Revising the prime ministerial appointment

How Gantz could still have a hope of replacing Bibi

Blue and White leader Benny Gantz speaks after the first elections exit polls (photo credit: AVSHALOM SASSONI/MAARIV)
Blue and White leader Benny Gantz speaks after the first elections exit polls
(photo credit: AVSHALOM SASSONI/MAARIV)
In 2008, Tzipi Livni won the elections over Benjamin Netanyahu and Kadima got one seat more than Likud at the Knesset.
Yet, then-president Shimon Peres gave the mandate of government formation to Netanyahu, because smaller parties expressed their wish to side with him. The rest of the story is known, Netanyahu formed a government and Livni’s rising star began to fade. She gradually fell in political oblivion, not competing at all in the latest elections. The Benny Gantz Blue and White narrative is a Livni 2.0 case slightly moderated. This time, the coalition of the generals did not manage to surpass Likud either in mandates or number of votes. It is logical and utterly democratic that Prime Minister Benjamin Netanyahu is given the mandate to form the next coalition. Ultimately, Gantz’s star will fade away. It is doubtful whether Blue and White will be there to run for the next elections.
Yet, the equal number of mandates and the almost identical number of votes Gantz received compared to Netanyahu denote the large number of people who did wish for a change and the turning of a page. This would have been more the case if the law in Israel ordained the president to entrust the leaders of the biggest parties in order of electoral power to enter in direct negotiations with the smaller parties without the latter first voicing their opinion on their preferable candidate. If this had been done back in 2008, Livni would have got the first chance to form a government and history might have been different.
As things currently stand, the fact that parties inform the president in advance which prime ministerial candidate they would like to favor enables the creation of rightwing or left-wing blocs, and does not leave room for political maneuvering and negotiations. In absence of direct negotiations between the party heads and the prime ministerial candidates through official channels, parties have no incentive to further explore the possibility of a candidate who might not directly fit their ideological agenda. The game is a priori loss for the second contestant when it should not be so. It is logical for smaller parties to first throw their alliance with the biggest party with which they feel more secure, and only then open into negotiations for the details of any coalition agreements.
TAKE, FOR EXAMPLE, these elections. The Likud and Blue and White start from the same starting point – 35 Knesset seats each. Yisrael Beytenu and the Union of Right-Wing Parties (URP), which stated that they would never sit in a Gantz government, have 10 seats in total.

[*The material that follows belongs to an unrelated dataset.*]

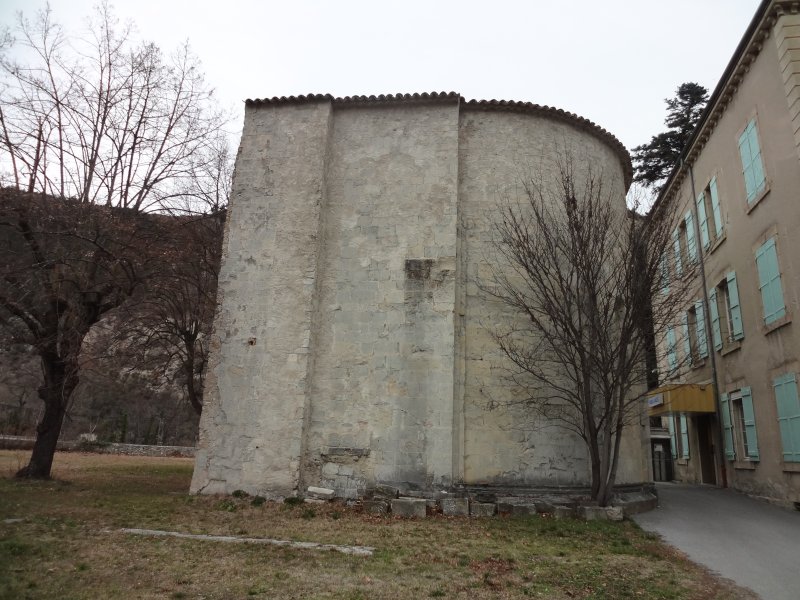 Entrevaux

On the other hand, the Labor Party and Meretz, which stated they would never sit in a Netanyahu government, also equal 10 seats together. The difference to the question of which of the two leaders – Netanyahu or Gantz – would be able to form the coalition would be in which of the two could lure the other remaining parties. HadashTa’al with 6 seats could be a partner for Gantz, provided that he made an opening to the Israeli-Arab party. And Kulanu, a Centrist party with a welfare agenda, could also join a Gantz government and add another 4 seats. That would leave the ultra-Orthodox parties totaling 16 seats as the kingmakers. Naturally inclining to the Right, these parties stand as Netanyahu’s allies. But, they could easily sit in a Gantz government if they were given economic incentives and some institutional guarantees that the rights of their constituents would not be affected. In fact, given the disputes between Shas leader Arye Deri and Yisrael Beytenu leader Avigdor Liberman in the past, the participation of Shas in a government where Yisrael Beytenu would not be a partner might be easier for the party.

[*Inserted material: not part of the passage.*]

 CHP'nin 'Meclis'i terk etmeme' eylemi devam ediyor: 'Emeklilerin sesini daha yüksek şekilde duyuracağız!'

However, as a result of the need to declare preferences in advance, Kulanu did not examine at all the possibility of joining a Gantz government; in fact, its leader Moshe Kahlon said he would most likely merge the party with the Likud. The ultra-Orthodox parties have equally turned their attention to a Netanyahu-led government only.
Things might have been different if these parties were tempted from the beginning to hear what Gantz has to offer them, and then make their decisions.
Government formation is a dynamic process – not only in the various demands smaller parties have from the bigger ones, but also in the first place in the choice of which bigger party smaller ones should follow. Not by accident, for example, in the United Kingdom in 2010, in the absence of absolute majority, the Liberal Democrats held talks both with the Conservative Party as well as the Labour Party before they decided to form a government with the former. And in Spain, after the 2015 general election, the King did not try to solve the difficulty in government formation by asking parties which candidate they would prefer, but by entrusting the government formation mandate first to the leader of the biggest party and then to the Socialists which had come second. Israel should well consider revising its current prime ministerial appointment policy. It may be already too late for Gantz, but maybe it is not too late for a shift of power in the next elections.
 
Formerly a member of the Knesset Legal Department on international and constitutional issues, the author is currently at King’s College Dickson Poon School of Law.